#### Provided entries

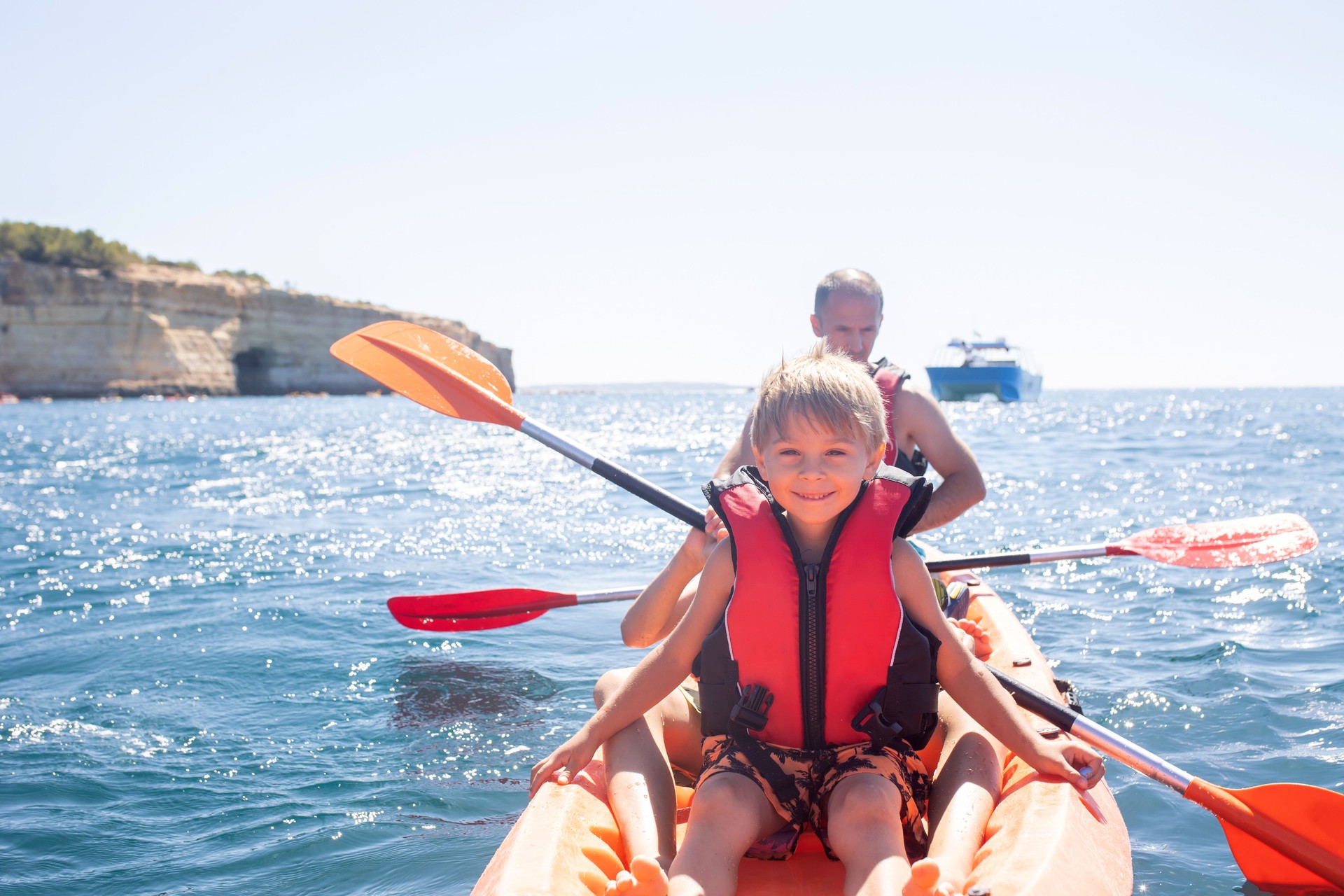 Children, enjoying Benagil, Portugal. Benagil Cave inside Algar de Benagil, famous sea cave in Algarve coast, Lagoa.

########
#### Provided entries

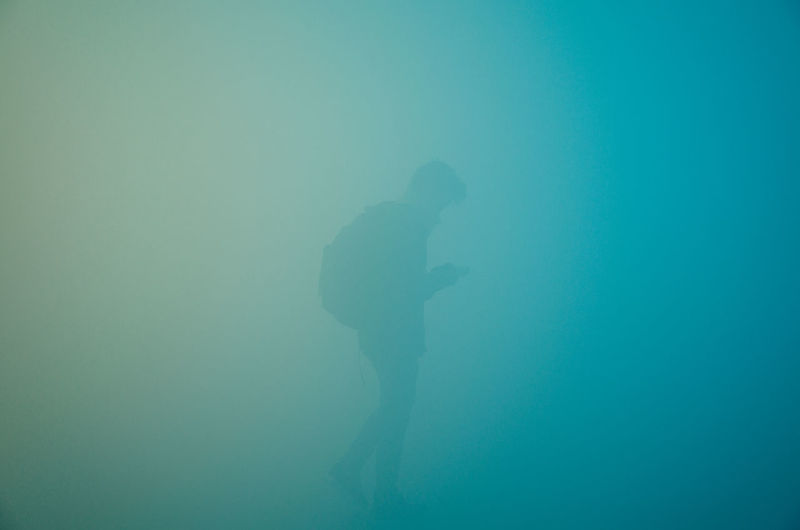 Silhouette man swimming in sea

########
#### Provided entries

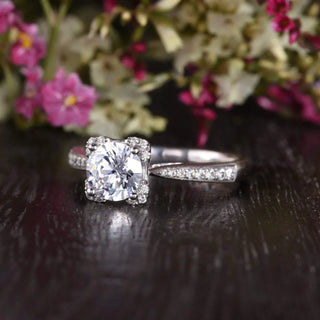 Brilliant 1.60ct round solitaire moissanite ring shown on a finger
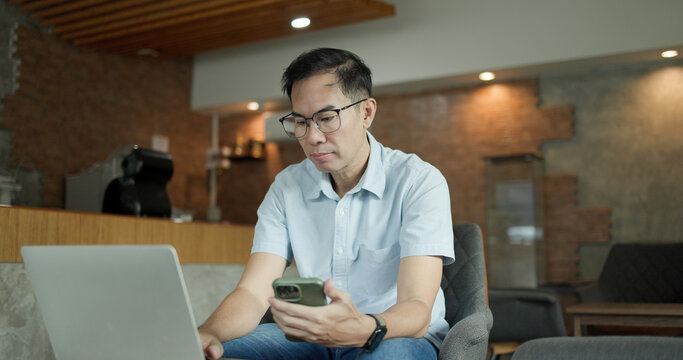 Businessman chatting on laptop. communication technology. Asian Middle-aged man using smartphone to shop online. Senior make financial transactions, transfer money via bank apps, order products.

########

Exercise directions: Pictures in the entries do not go into the copy. Print only the lines starting at the one containing "Brilliant 1.60ct round" and ending at the one containing "Businessman chatting on", exactly as they appear.

Task answer:
 Brilliant 1.60ct round solitaire moissanite ring shown on a finger
 Businessman chatting on laptop. communication technology. Asian Middle-aged man using smartphone to shop online. Senior make financial transactions, transfer money via bank apps, order products.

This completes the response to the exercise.